After a decent first quarter – when U.S. stock markets rose between 3.6-8.9% and many mutual funds showed strong returns, the markets and plenty of funds are back in the red in the second quarter through June 24, according to Lipper’s preliminary data.
The bright spots are precious-metal funds and some bear/leveraged products.
Some of the worst-performing fund categories, Lipper says, are those focused on Europe. This fund group fell 11.6% from March 31 to June 24 and is down close to 11.5% year to date.
Large-cap growth funds have declined 8.2% in the second quarter; they’re down 4.3% for the year.

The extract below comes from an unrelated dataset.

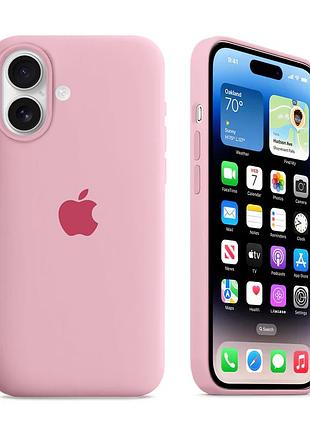 Чохол kassel silicone full case protective для iphone 16 з мікрофіброю рожевий light pink
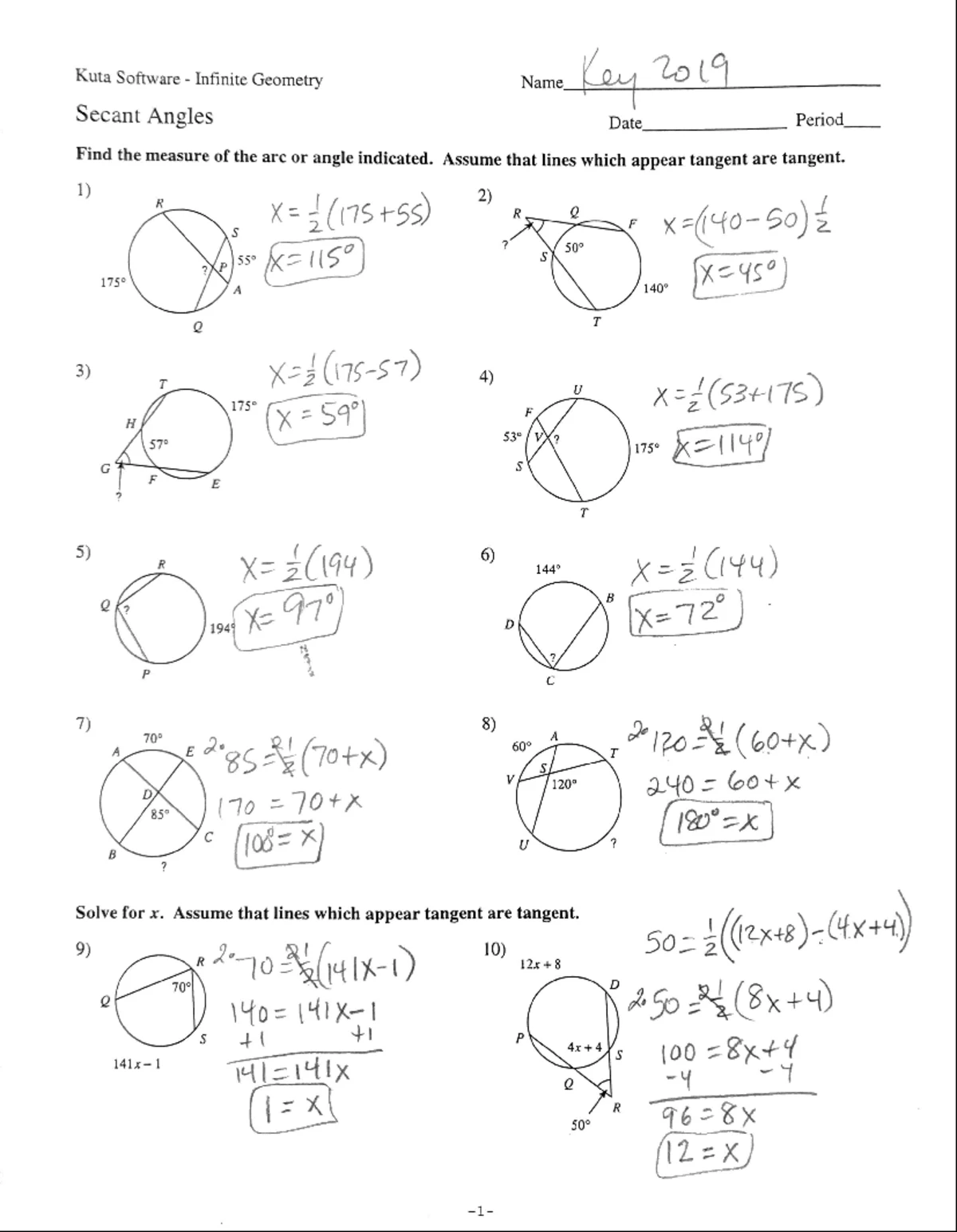 Secant Angles Worksheet - Frontline Review - Studocu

Precious-metal funds, though, are up close to 12% for the quarter and nearly 13% for the year through June 24.
Income-focused funds dropped 1.7% in the second quarter, but are up 1.1% year to date.

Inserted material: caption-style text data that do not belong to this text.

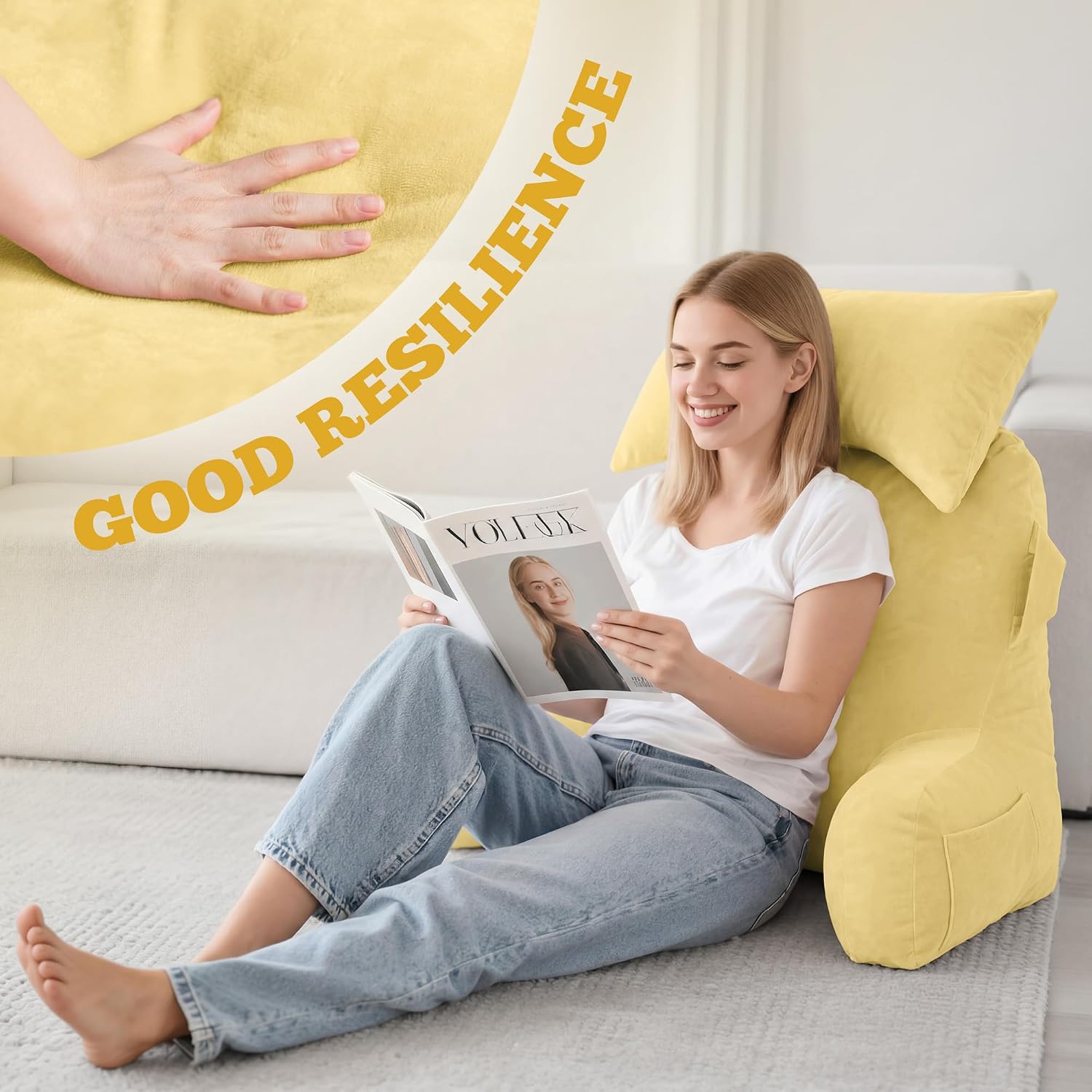 Unisakey Portable Reading Pillows with Headrest for Bed Sitting Up(Yellow Oeko-Tex), Velvet Back Pillow with Arms & Pockets for Adults…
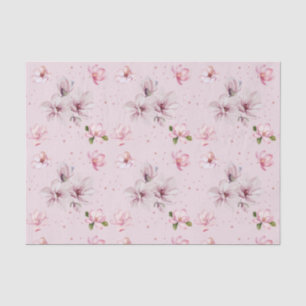 Papier Mousseline Magnolia Floral Aquarelle Rose Pâle Cadeau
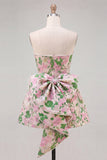 Pink Floral Beaded Short Cocktail Dress with Bow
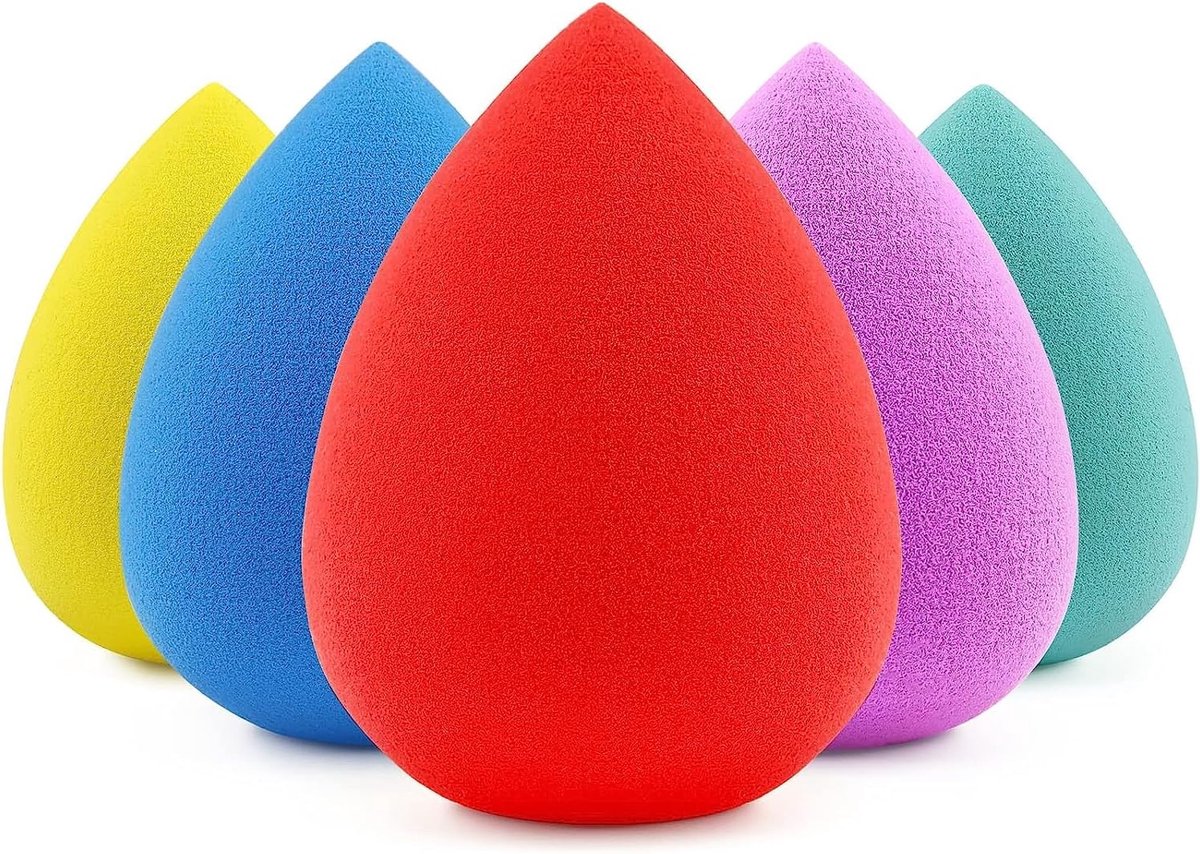 Make-upspons Set,5 Stuks,Multicolor,Latexvrij,voor Foundation,Poeder | Zacht en veerkrachtig,fijne poriën,voor vloeibare en romige texturen,nat en droog te gebruiken,punt voor details,ronde zijde.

In terms of some of the largest funds and their performance, the PIMCO Total Return Fund is up 2.1% in Q2 and about 5.2% for the first half.
On the down side, American Funds Growth is off 8.2% for the quarter and 4.4% for the year, while Dodge & Cox International Stock has declined 10.3% and 7% for these periods respectively.

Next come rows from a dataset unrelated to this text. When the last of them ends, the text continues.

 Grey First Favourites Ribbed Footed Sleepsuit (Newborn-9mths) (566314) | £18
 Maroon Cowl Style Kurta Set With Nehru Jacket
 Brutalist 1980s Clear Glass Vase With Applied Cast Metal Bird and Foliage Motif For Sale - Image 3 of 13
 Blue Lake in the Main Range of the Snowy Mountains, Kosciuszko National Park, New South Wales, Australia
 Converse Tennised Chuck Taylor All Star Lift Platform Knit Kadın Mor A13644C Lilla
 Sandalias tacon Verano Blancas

The Fidelity Contrafund fell 4.6% from March 31 through June 24 and is down 1.1% for the first half of 2010, according to Lipper data.
On the plus side, funds like the iPath ETN S&P500 VIX, tracking volatility, rose 32% in the second quarter, while the Direxion Monthly Developed Market Bear 2X improved roughly 23%.
As for fixed income, bonds rated AAA are up 2.5% for the quarter and 4.9% for the year, while those with a BBB rating moved up 1.9% and 5.2% in the same periods.
High-current yield products are off 0.4% for Q2 but are up 4.2% for the first half of the year.
In the first quarter of 2010, U.S. diversified equity funds grew 5.55 percent, while world equity funds bumped up 1.7 percent. Mixed equity funds rose 2.43 percent, narrowly beating out world income funds at 2.36 percent.